Know the three-phase approach to Observability

Hardik Shah
7 min readNov 7, 2022

--

Observability is one of the most important aspects of a software project. It involves observing what is going on in the system and making it accessible to stakeholders and developers.

Observability helps you understand how your application works and find errors in it so that they can be fixed before they are released. However, when you add more features to your application, observability can become difficult due to complexity — this is why it’s important to have an observability strategy that works well for your team as well as your product.

Phase 1 [Reactive Phase]: Collect, analyze and store data

Phase 1 of the observability process is where you collect, analyze and store data. The goal of this phase is to gain insight into how your system is performing. It involves collecting metrics about your infrastructure and applications so that you can make changes based on what you see.

This first phase is also important for making sure all stakeholders have access to the same information about the state of their systems. Without a central repository for storing metrics, accessing this data can be complicated because it may be stored in different places across multiple environments (production or development).
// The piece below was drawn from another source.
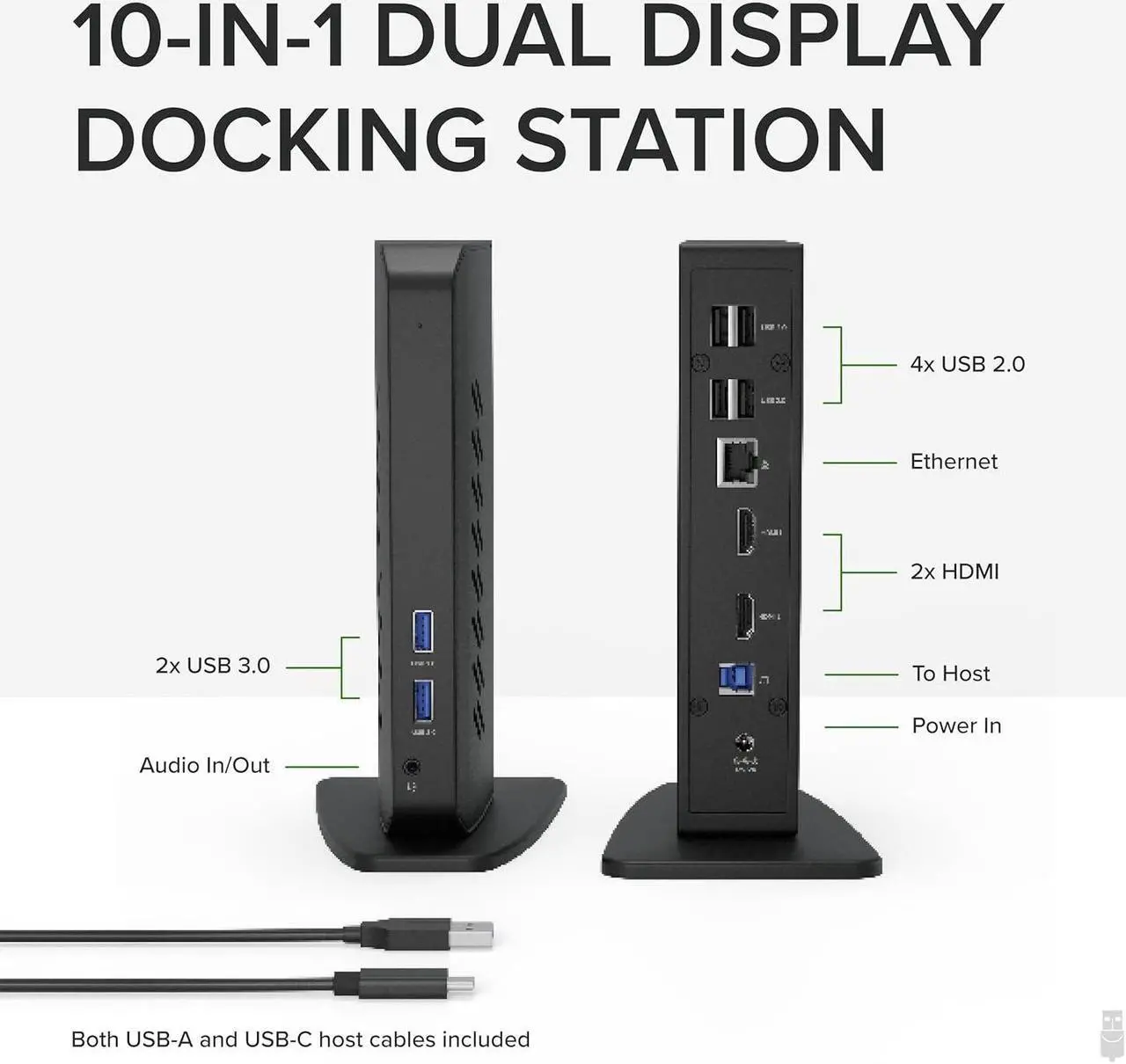 Alt view image 2 of 7 - Plugable USB 3.0 and USB-C Universal Laptop Docking Station with 2 HDMI Ports for Windows, Mac, and ChromeOS (Gigabit Ethernet, Audio, 6 USB Ports)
At this point in time, having an automation tool like Datadog will be helpful in driving consistency across all of these tools by providing a single place to store metrics from any number of sources such as AWS CloudWatch or Google Stackdriver Metrics.

Phase 2 [Proactive Phase]: Ensure the data is queryable and is actionable

This is where you store your data. This can be in a database, or in a file system, or even in a simple text file. The important thing is that it’s easy to query and process.
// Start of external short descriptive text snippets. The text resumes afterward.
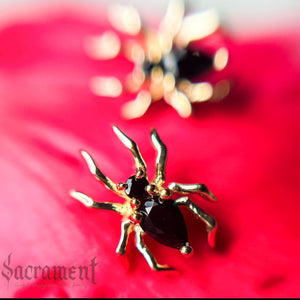 Genuine Black Spinel Gold Spider-14k Yellow and White Gold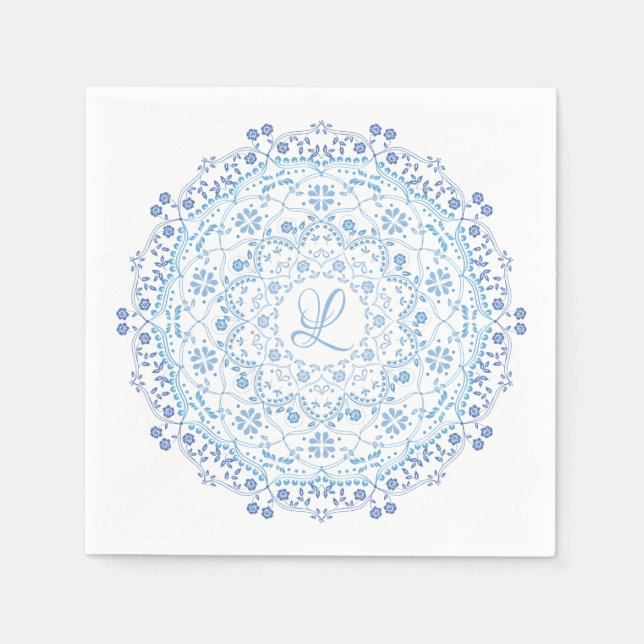 Blue Mandala Editable Initial Pappersservett (Framsidan)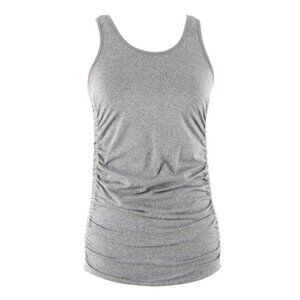 Isabel Maternity Sz S M Gray Nylon Blend Smocked Ruched Sides Top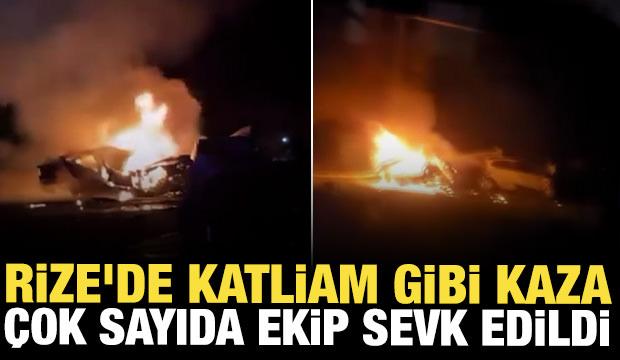 Rize'de katliam gibi kaza! &Ccedil;ok sayıda ekip sevk edildi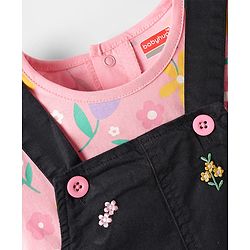 Babyhug Denim Woven Frock & Half Sleeves Inner Tee With Floral Print & Embroidery - Black & Pink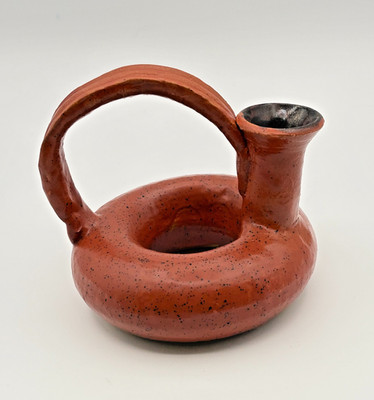 Unique Handmade Studio Art Pottery Donut Ring Flask Vase Ewer Pitcher Speckled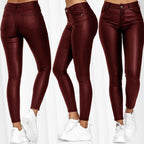 Damen Glattleder-Leggings mit hohem Bund und figurformendem Schnitt R&B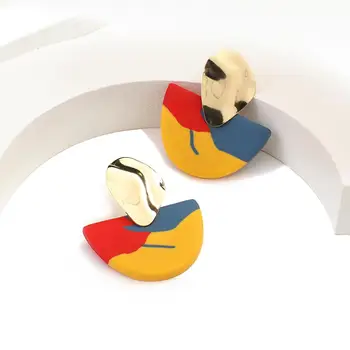 AENSOA Nukentėjo Spalvų Dizainas Kontrastas Polimero Molis vėduoklės Formos Geometrinės Lašas Auskarai Moterims Pareiškimą Brincos Moterų 2020 Dovana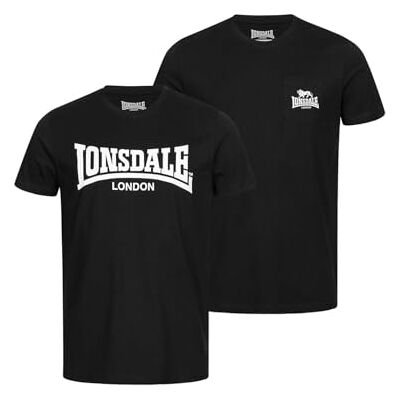 Lonsdale Herren Sussex Doppelpack T-Shirt, Schwarz, 5XL EU Lonsdale Herren Sussex Doppelpack T-Shirt, Schwarz, 5XL EU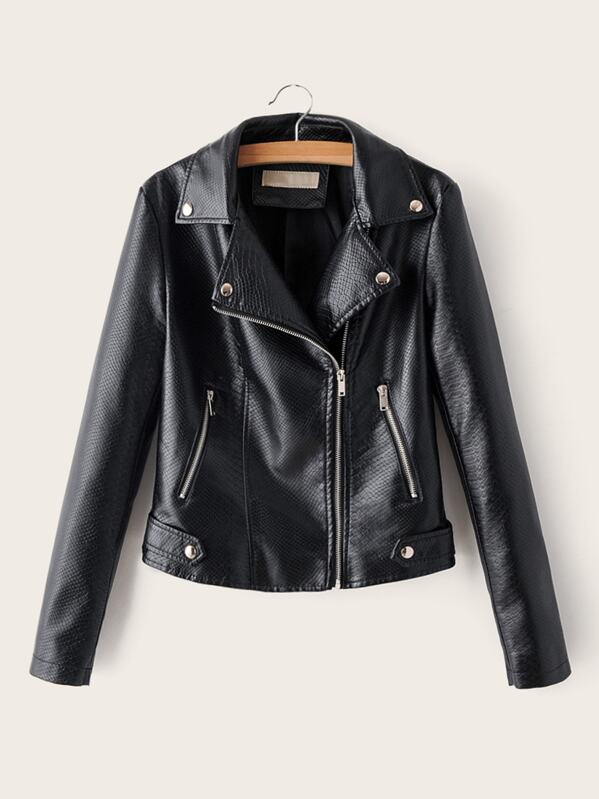 

Zip Detail PU Biker Jacket, Black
In order for the data gathered from your observability tools to be useful, they need to be stored in a format that can easily be queried and processed by various tools. To accomplish this goal, there are four things you should focus on when storing your data:

  • Store it in some sort of database
  • Store the data using standard schema
  • Make sure each column has an understandable name (i.e., don’t just call it “column”)
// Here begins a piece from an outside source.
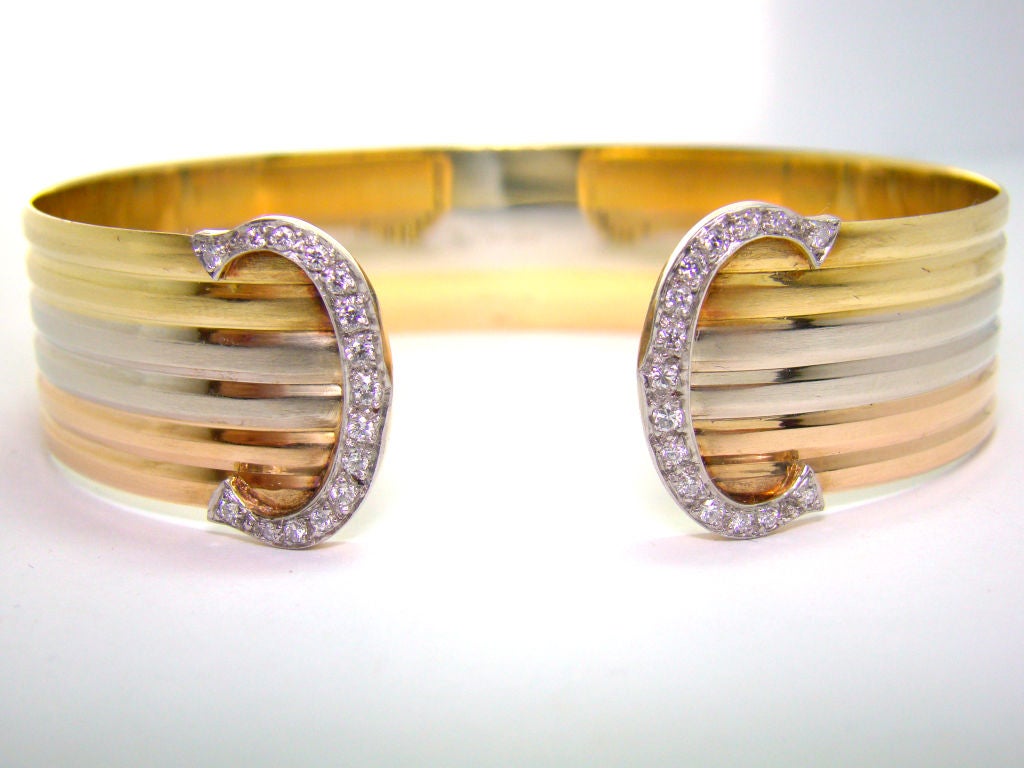 Women's Cartier Rose, White, and Yellow Gold Cuff Bracelet with Diamonds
Phase 3 [Data-Driven Phase]: Enable developers to gain insight into all the data

Connecting the dots between the business and IT is the goal of phase 3. When you’re building an observability solution, think about how you can ensure that your business users and developers have access to all the data they need in order to make informed decisions. That’s why it’s important that you consider these four points when deciding how best to deliver this access:

Make sure it’s accessible and understandable. You want your engineers and analysts working with this information rather than getting lost in it, so make sure that whatever tool or system you introduce has a simple interface that will allow them easy access without getting bogged down by complex charts or confusing text reports.

Also consider giving people an option for viewing multiple sources of information at once. This will help keep things streamlined while still providing a wealth of detail at a glance so anyone can get answers quickly without having to dig through mountains of data first.

This shouldn’t be seen as a one-time effort but a process that requires continuous improvement.

As with any process, it’s important to keep an eye on the results of your observability efforts. You should focus on improving over time, rather than simply meeting a goal once.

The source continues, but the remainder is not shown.